I have nothing to do tonight.

Awkward.

So what do the big kids do on a Tuesday night?

Guess I could finish reading this book Twentynine Palms by Daniel Pyne.

So far the handsome actor (who got caught having sex with his best friend's wife) just escaped from jail with his underage female sidekick, after being arrested accused of murdering his last lover, the daughter of a hotel owner where he last spent the night. 

It's a self-help book.


And of course,

There's this bottle of wine I uncorked last night.

Hence the book.

Line 39 Pinot Noir

 
Just uncorked this wine.
It's very smooth. Sweet. Light in flavor. Inexpensive. 
 

I ate Chinese food twice today. Lunch. Dinner. White rice, glass noodle, chicken and green beans. Then chicken teriyaki vegetable stir-fry, that was amazing. 

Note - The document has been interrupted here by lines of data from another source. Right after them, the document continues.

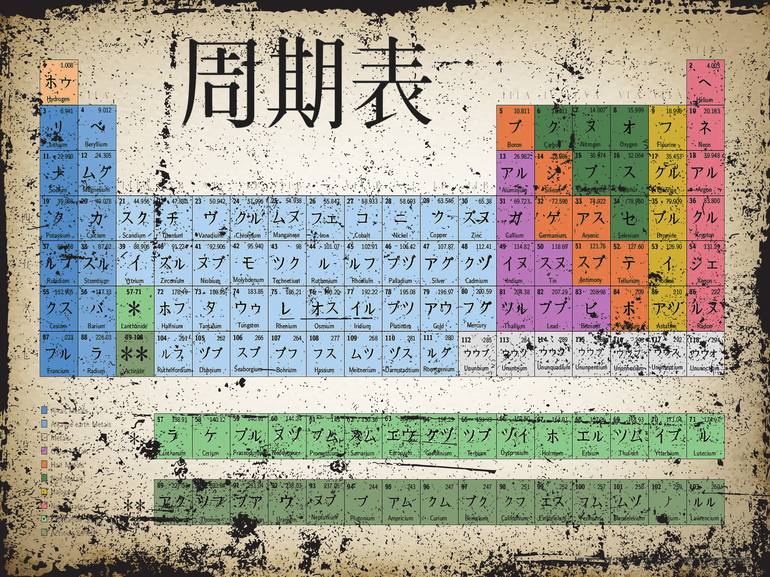 Japan Japanese Periodic Table Of The Elements Vintage Chart Silver Framed poster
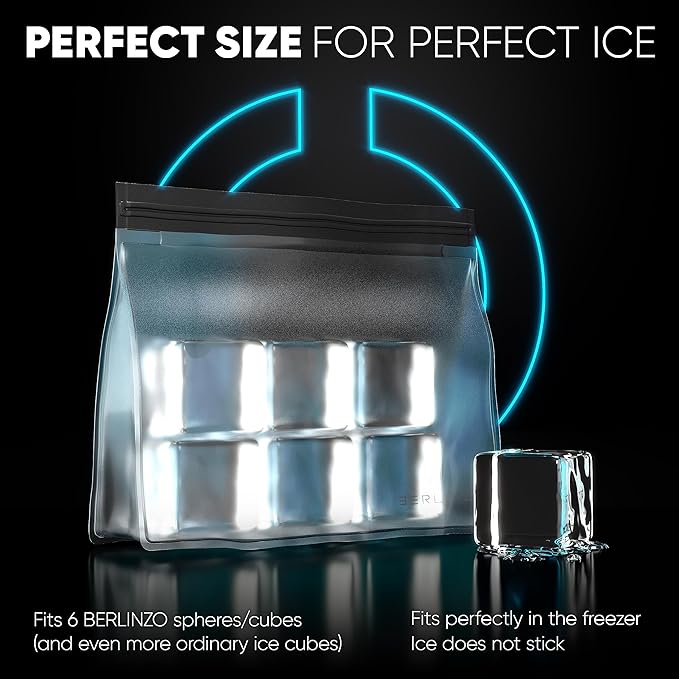 BERLINZO Reusable Ice Storage Bag - Freezer Safe Leak Proof Silicone and Plastic-Free Lunch Bag for Ice and Food Storage - BPA-Free - 2 Pack
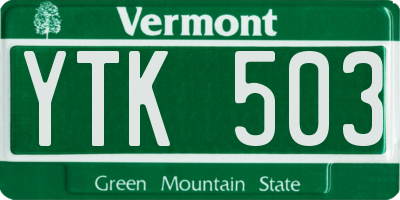 VT license plate YTK503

And all night everyone kept commenting how sweet I smelled. Like honey.

Hmmm.

What could that have been?? 

What...

Could...

That...

Have...

Hint: It wasn't the Chinese food. But it does make you want more 3 hours later!

Saturday, April 5, 2014

Look around here, you see nothing is very real

When I do my nails I listen to...
 
Slash N Burn
Kill to live
Kill for kicks
3rd world to the 1st
Kill to live
 
 

Friday, April 4, 2014

Trader Joe's Grand Reserve

Just uncorked this Cabernet Sauvignon. It's amazing.
 
I love Trader Joe's.
 
Only...
 
What the hell is the cork made out of, color crayon??
 
I can uncork wine in my sleep, but popping open this baby was harder than
 
tex2html_wrap_inline173 
 

Wednesday, April 2, 2014

David Duchovny

Caught him last night on The Tonight Show starring/Jimmy Fallon. Funny guy, and hotdad DILF. I too am not on "the Twitter" or "the Facebook" or "the Instagram".   

Bridlewood Pinot Noir

Dinner!
 

Tuesday, April 1, 2014

Hey kid...

At the mall. Some little kid just ran away from his mom and/or dad. The first getaway in a long future series of attempts. Kid looks like he's about six years old. Don't worry child, I'll keep an eye on you. Maybe your parent(s) will get his/her/their head out of whatever clearance sale long enough to notice you're gone. But if they don't, just know there's a plan B. We'll teach you all about Robert Oppenheimer, The Big Bang theory, reanimation, alternating current, direct current, Max Born, philosophy, and of course Neil deGrasse Tyson. There is no modern science without Neil deGrasse Tyson! Combine all that with a little Mary Shelley, and maybe one day you'll be able to revive your future beloved Golden Retriever "Henry" the next door neighbor accidentally ran over with her brand new Mercedes.    

Oh wait...

No...

There's your mom.

"Where have you been!" the mom yells at her kid.

Well...

He almost became a brilliant mad scientist, but then you had to come back and...

Anyway,

I love when moms yell at their 6 year old kids for running off like it's the kid's fault.

The kid just discovered how to use his legs. Of course he's going to run off. He was bored. His legs are the greatest invention in the world right now. Until he discovers the internet.